El correo llega temprano a la residencia de la familia Sherwood, una mansión de tres plantas con anchos ventanales y una escalinata al frente que da a la entrada principal. Sin duda una construcción reflejo de la fortuna que corresponde a su propietario y ubicada en una de las avenidas más exclusivas y costosas de la metrópoli neoyorquina. La mayoría de las cartas recibidas están dirigidas al patriarca. Ante su ausencia, el montón de correspondencia es dejado en una pila perfectamente acomodada en el escritorio de su despacho.
Son pocas y contadas las ocasiones en que Emily ha entrado a ese espacio tan personal y dominio entero de su padre, y siempre cuando él se encuentra presente. Sin embargo, enterarse por casualidad que el remitente de una de las cartas es Andrew Green dispara su ansiedad a niveles inusitados. Movida por la curiosidad y el inevitable deseo de tener noticias de su prometido, entra con extremo cuidado en el despacho. Sarah vigila afuera, pendiente de que nadie atestigüe el atrevimiento de la heredera Sherwood.

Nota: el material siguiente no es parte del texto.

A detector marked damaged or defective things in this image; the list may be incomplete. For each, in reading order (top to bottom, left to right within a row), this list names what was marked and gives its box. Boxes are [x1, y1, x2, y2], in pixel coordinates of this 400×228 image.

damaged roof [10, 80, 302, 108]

Nerviosa por su intromisión, la joven busca entre la infinidad de cartas aquella que tenga el nombre de Andrew estampado en el sobre. La labor no resulta sencilla y teme ser descubierta, sus manos tiemblan y el corazón en su pecho salta acelerado. Por fortuna y luego de haber leído varios remitentes, encuentra lo que busca. La toma sin más y corre afuera del sitio antes de ser descubierta. Apenas cree su insolencia, siempre ha sido obediente y respetuosa de las reglas impuestas por sus padres; una de ellas, la principal de su progenitor es no tocar sus pertenencias y mucho menos, entrar a su despacho sin haber sido llamada por él. No obstante, necesita saber de Andrew, las últimas semanas la angustia ha hecho que su corazón se sobresalte en más de una ocasión ante la idea de no volver a verlo. Teme más que cuando él partió a la guerra y poco puede hacer por luchar contra ese sentimiento de desolación.

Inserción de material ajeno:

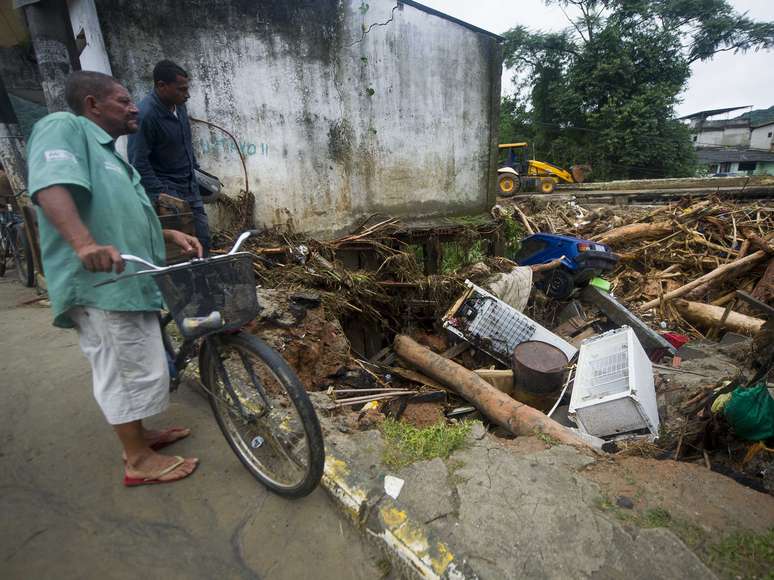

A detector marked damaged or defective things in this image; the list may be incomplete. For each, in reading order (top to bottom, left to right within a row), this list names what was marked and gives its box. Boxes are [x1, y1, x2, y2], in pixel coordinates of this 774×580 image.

blue wrecked car [520, 233, 620, 300]
rusty metal barrel [516, 340, 568, 408] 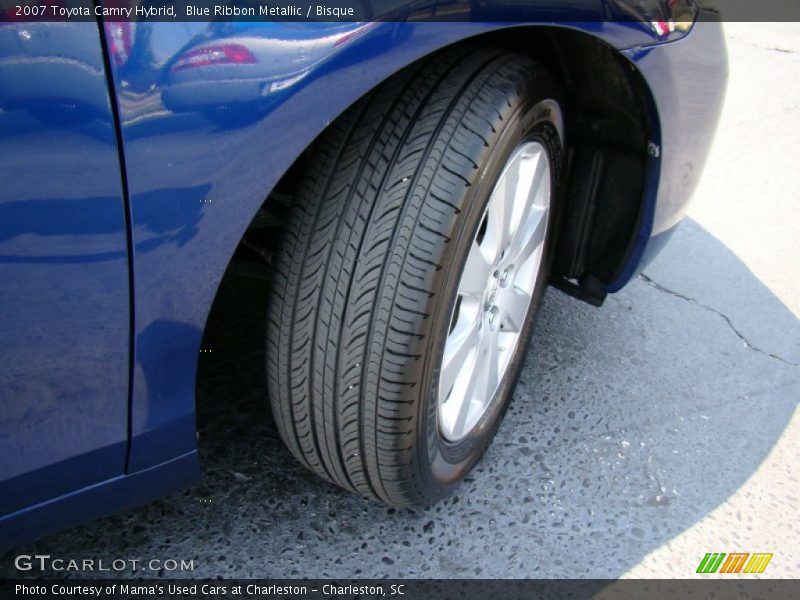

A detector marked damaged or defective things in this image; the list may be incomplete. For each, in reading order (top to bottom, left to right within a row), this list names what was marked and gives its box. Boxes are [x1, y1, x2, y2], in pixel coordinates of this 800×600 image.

road surface crack [636, 276, 800, 368]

Sarah está esperándola a los pies la escalera por la que se sube al segundo piso. Como una leal centinela, monta guardia afuera de la ancha entrada que da a la antesala del despacho de George Sherwood. Sus ojos oscuros se achican al percibir cualquier ruido y no deja de ver en toda dirección. Suspira aliviada cuando la rubia sale al fin y le indica con una seña que ha tenido éxito. Ambas suben las escaleras de puntillas, una detrás de la otra y sin atreverse a decir palabra hasta estar en la seguridad de la alcoba de Emily.
Ella aprieta contra su pecho la carta de su amado y un atisbo de orgullo la llena pensando que su padre no la cree capaz de tal desobediencia. No en vano ha repetido en incontables ocasiones que la considera una mujer sin carácter que gracias a la providencia nació con un bonito rostro, carente de otra virtud. Cada día de su vida ha escuchado críticas paternas que esconden el deseo frustrado de George Sherwood por el heredero varón al que se imaginó enseñando a dirigir su próspero negocio. Para desgracia de la familia, ninguno de los otros embarazos que concibió su madre, antes o después de ella, logró llegar a un feliz término.
Antes de abrir el valioso sobre, respira hondo para recuperar el aliento que perdió en la huida. Lleva la carta a su boca y la besa con devoción. Sarah la mira enternecida, recargada en la puerta que acaba de cerrar e igual de cansada.
—¿La abrirás? —cuestiona al verla mirando las letras que indican el remitente de la misiva, acariciando con los dedos la caligrafía masculina de Andrew. Pasados unos instantes, recibe la respuesta con un asentimiento —. Espera, antes de que lo hagas, prométeme que diga lo que diga no dejarás que te haga sufrir.
—Sarah… —dice, conmovida por la preocupación de su leal compañera.
—No quiero verte llorar por nadie, ni por él. Bastante es tenerlo que esperar tantos años.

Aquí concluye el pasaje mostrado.